» **Exercise prompt**
Find "Voir le détail" below and begin at its line; stop after the line with "Två hårvårdsprodukter, schampo". Output those lines exactly, without pictures.

» **Records provided**

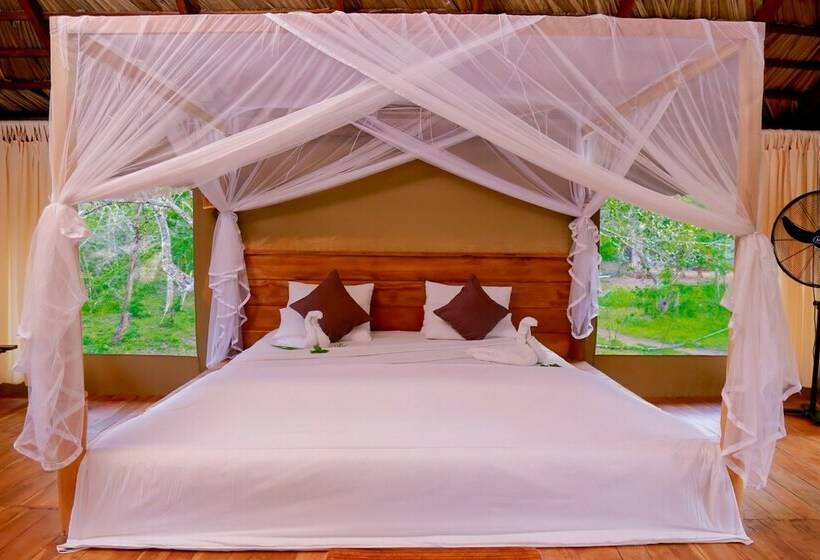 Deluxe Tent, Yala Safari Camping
...
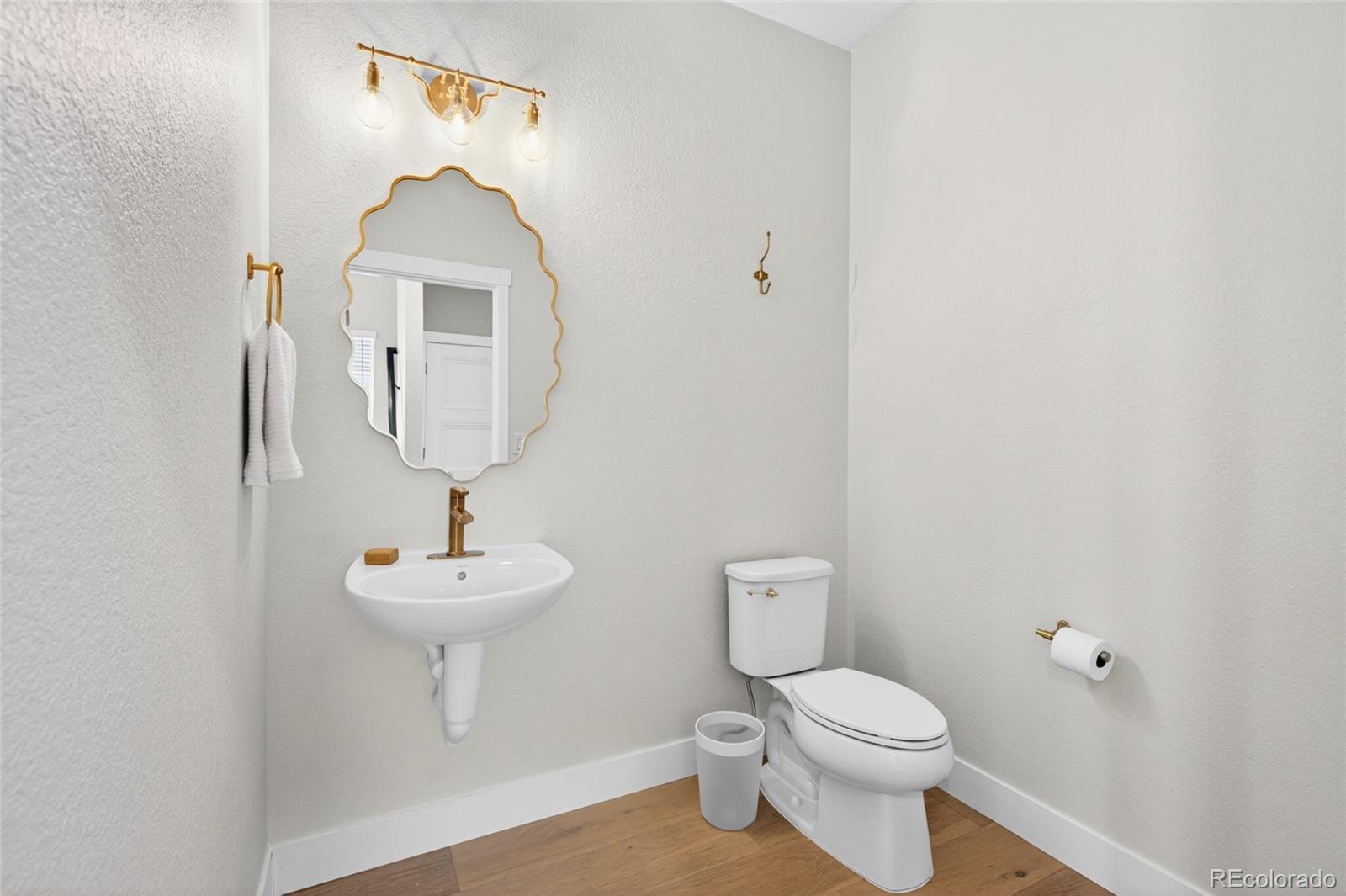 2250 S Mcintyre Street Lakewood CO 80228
...
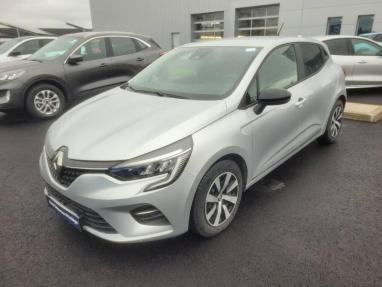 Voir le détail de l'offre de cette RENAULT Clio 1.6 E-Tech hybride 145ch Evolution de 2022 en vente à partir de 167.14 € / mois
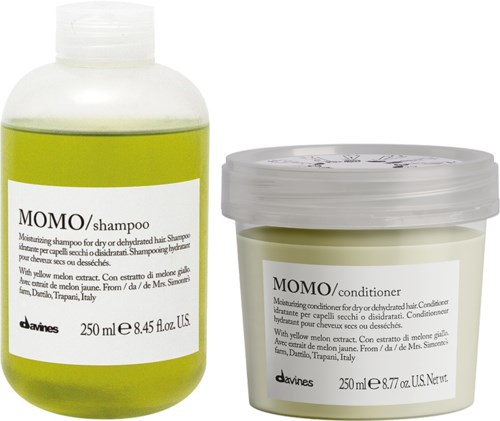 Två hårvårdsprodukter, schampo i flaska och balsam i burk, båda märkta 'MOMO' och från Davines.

» **Written reply**
 Voir le détail de l'offre de cette RENAULT Clio 1.6 E-Tech hybride 145ch Evolution de 2022 en vente à partir de 167.14 € / mois
 Två hårvårdsprodukter, schampo i flaska och balsam i burk, båda märkta 'MOMO' och från Davines.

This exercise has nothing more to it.